Through the shadow of wood dust strode the tall and imposing figure of a furious Albus Dumbledore, a phoenix soaring into the room at either side of him: the silent gleaming moonsilver of a Patronus phoenix on his left, and the blazing scarlet of his phoenix familiar on the right, screeching in triumph as it swept past awed faces and craning necks...

...And spotting Tom Riddle in the hubbub, squawked happily and dove straight for him.

Nott meandered over to Tom's side. "Well, then. I suppose that's us copped."

Tom cringed.

He knew what was coming next. Another codger, another examination. His one consolation lay in having truth on his side, because Tom had confessed the identity of his secret alter ego to Dumbledore. If he had used a different one today, that was an understandable mistake to make when one had multiple names.

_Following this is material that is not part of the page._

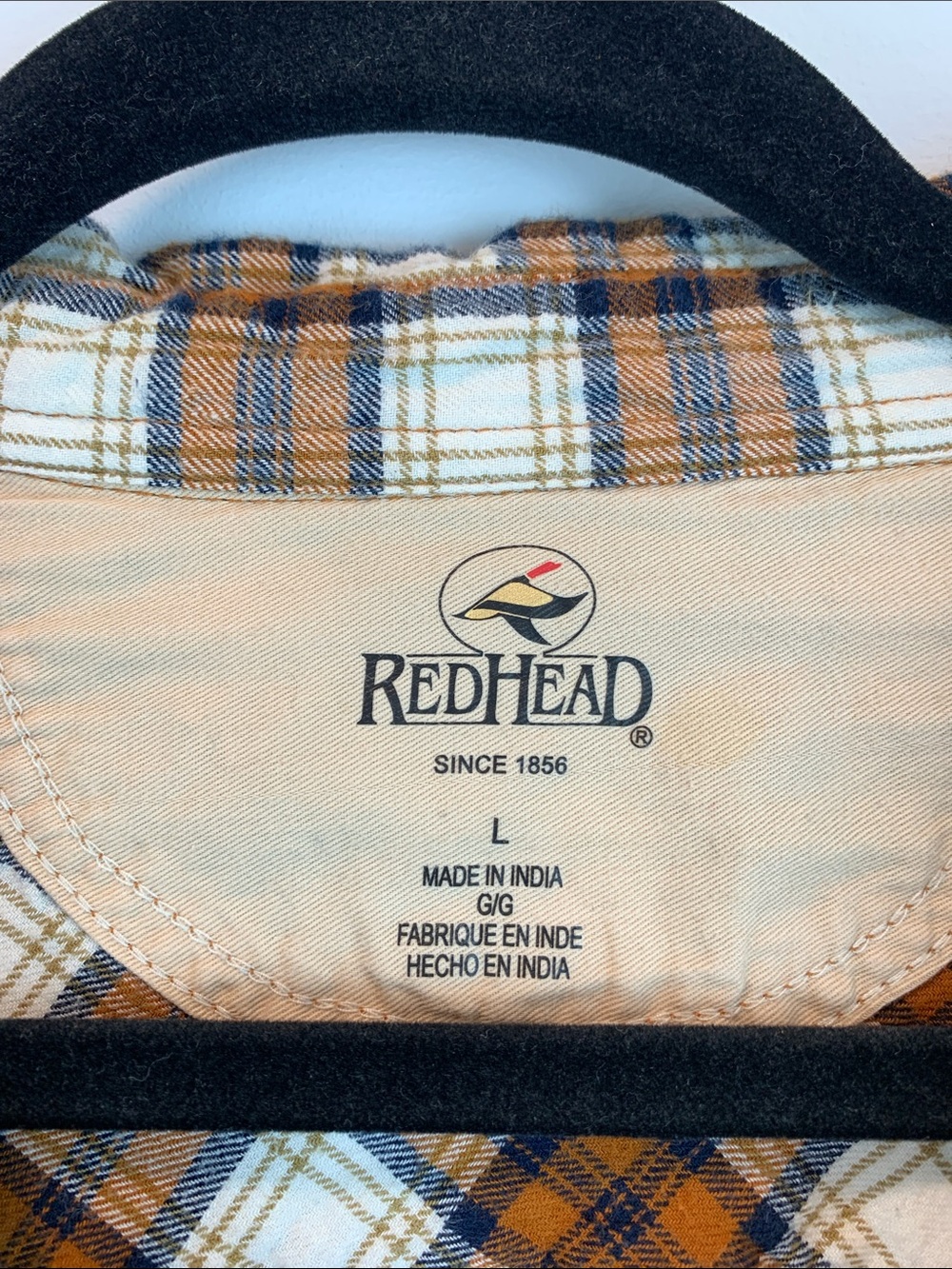 Orange plaid flannel by Red Head sz L casual fall outdoor engagement photo - Picture 2 of 5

Dumbledore should understand it, since the man had three middle names himself.

.

.


Note:

Tom can't cast a Patronus. His happy memories are tainted by other emotions—vengeance, self-satisfaction, schadenfreude, domination, entitlement. However, he isn't affected by Dementor depression like Harry, who passes out with flashbacks. Because Tom doesn't get depressed, he gets angry. I imagine that's how Lord Voldemort is immune to Dementors in canon.

Nott figured out his Patronus! The pheasant is one of 150 possible results in the Pottermore quiz, but after looking up different explanations, here is the list of traits I'm using.

Pheasant: Self-preservation, adaptation, social awareness, opportunism. Pride, discernment, creative thinking. Appreciation for beauty and refinement.

The first time Nott sees his Patronus animal, he thinks it's lame and uncool. But eventually he comes around to it, because he's a pragmatist and it could've been a gerbil or a dung beetle.